Carlos Soler, un remplaçant, a marqué le sixième. Álvaro Morata — un autre remplaçant, un autre joueur qui a passé sa carrière à être décrit en termes de ce qu'il n'est pas plutôt que de ce qu'il est — a marqué le septième. Les buts étaient presque accessoires à ce stade. L'essentiel, c'étaient les passes. L'essentiel, c'était la possession. L'essentiel, c'était ce zéro dans la colonne des tirs du Costa Rica, un zéro si complet qu'il ressemblait à une déclaration philosophique. Dans un sport où même les équipes les plus faibles parviennent généralement à une frappe optimiste de loin, une tête pleine d'espoir sur coup de pied arrêté, le Costa Rica n'avait rien produit. Rien.

Les statistiques finales étaient absurdes. Espagne : 1 043 passes réussies. Costa Rica : 165 passes tentées. Espagne : 81,3 pour cent de possession. Costa Rica : zéro tir cadré. Zéro tir non cadré. Zéro tir de quelque nature que ce soit. Le gardien espagnol, Unai Simón, aurait pu apporter une chaise longue et un roman. Il a touché le ballon moins de fois que les ramasseurs de balles.

Je suis resté assis dans ce bar d'hôtel à Doha après le coup de sifflet final et j'ai écouté les arguments qui suivent toujours une performance comme celle-ci. Était-ce beau ou ennuyeux ? Domination ou monotonie ? La possession comme art ou la possession comme névrose ? Un journaliste argentin — où le football est traité comme une extension de l'âme nationale plutôt qu'une compétition sportive — a déclaré que l'Espagne avait "stérilisé" le match. Un collègue allemand a rétorqué que c'était l'expression la plus pure d'une philosophie footballistique qu'il ait jamais vue. Je n'ai rien dit. Je pensais encore à ce zéro.

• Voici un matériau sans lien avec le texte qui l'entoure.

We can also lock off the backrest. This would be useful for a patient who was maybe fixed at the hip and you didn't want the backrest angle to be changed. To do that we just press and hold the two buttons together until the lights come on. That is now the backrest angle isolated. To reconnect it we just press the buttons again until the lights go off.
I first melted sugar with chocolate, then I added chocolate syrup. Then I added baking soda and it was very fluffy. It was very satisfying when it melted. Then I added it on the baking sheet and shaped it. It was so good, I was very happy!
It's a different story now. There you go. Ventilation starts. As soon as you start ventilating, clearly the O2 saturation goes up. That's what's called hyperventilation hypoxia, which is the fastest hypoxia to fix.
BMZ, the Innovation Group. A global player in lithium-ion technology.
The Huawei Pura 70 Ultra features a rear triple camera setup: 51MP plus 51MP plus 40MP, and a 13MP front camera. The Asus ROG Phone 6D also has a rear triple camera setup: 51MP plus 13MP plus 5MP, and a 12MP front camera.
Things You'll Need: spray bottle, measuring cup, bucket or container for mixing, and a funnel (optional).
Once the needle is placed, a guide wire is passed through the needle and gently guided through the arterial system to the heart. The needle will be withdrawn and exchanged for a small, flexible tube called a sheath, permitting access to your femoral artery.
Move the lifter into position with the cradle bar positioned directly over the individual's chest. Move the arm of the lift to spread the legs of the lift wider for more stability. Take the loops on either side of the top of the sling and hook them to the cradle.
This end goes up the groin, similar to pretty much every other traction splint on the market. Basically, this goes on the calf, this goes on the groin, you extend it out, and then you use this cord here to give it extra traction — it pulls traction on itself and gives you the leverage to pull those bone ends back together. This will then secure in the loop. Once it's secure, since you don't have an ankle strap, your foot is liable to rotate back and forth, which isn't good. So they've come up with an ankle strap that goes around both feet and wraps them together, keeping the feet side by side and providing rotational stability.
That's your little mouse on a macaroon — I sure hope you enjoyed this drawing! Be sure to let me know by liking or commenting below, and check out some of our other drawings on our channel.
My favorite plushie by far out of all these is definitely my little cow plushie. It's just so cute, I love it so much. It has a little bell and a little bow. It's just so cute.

Voici ce que le 7-0 de l'Espagne a surtout manqué dans les analyses d'après-match. Ce n'était pas une déclaration d'intention. C'était une déclaration d'identité. L'Espagne de Luis Enrique savait exactement ce qu'elle était — une équipe de possession dans une ère qui avait soi-disant rendu la possession obsolète. La démolition de 2014 par les Pays-Bas, le chaos de 2018 contre la Russie, la défaite en demi-finale de 2021 contre l'Italie — tous ces résultats avaient été utilisés comme preuve que le tiki-taka était mort, que l'avenir appartenait à la transition, au pressing, à la verticalité. Et pourtant, voilà l'Espagne, en 2022, passant le ballon mille fois dans un match de Coupe du monde et défiant le reste du monde d'y faire quelque chose.

Bien sûr, l'histoire a un deuxième acte, et ce deuxième acte compte. L'Espagne a été éliminée par le Maroc en huitièmes de finale, aux tirs au but, après 120 minutes de possession qui n'ont produit exactement aucun but. Le même système qui avait complété 1 043 passes contre le Costa Rica a été rendu inoffensif par l'organisation en contre-attaque du Maroc. Le 7-0 était le sommet. La défaite contre le Maroc était la vallée. Et les deux résultats, considérés ensemble, vous disent quelque chose d'important sur le football : la possession sans pénétration est la plus belle forme d'échec que le sport ait à offrir. Vous pouvez passer une équipe à la soumission, mais vous ne pouvez pas passer une équipe à l'élimination. Tôt ou tard, il faut marquer. L'Espagne l'a oublié contre le Maroc. Elle s'en est souvenue contre le Costa Rica. La tragédie — et la beauté — de l'Espagne de Luis Enrique, c'est qu'elle n'a jamais pu décider quelle version d'elle-même elle voulait être.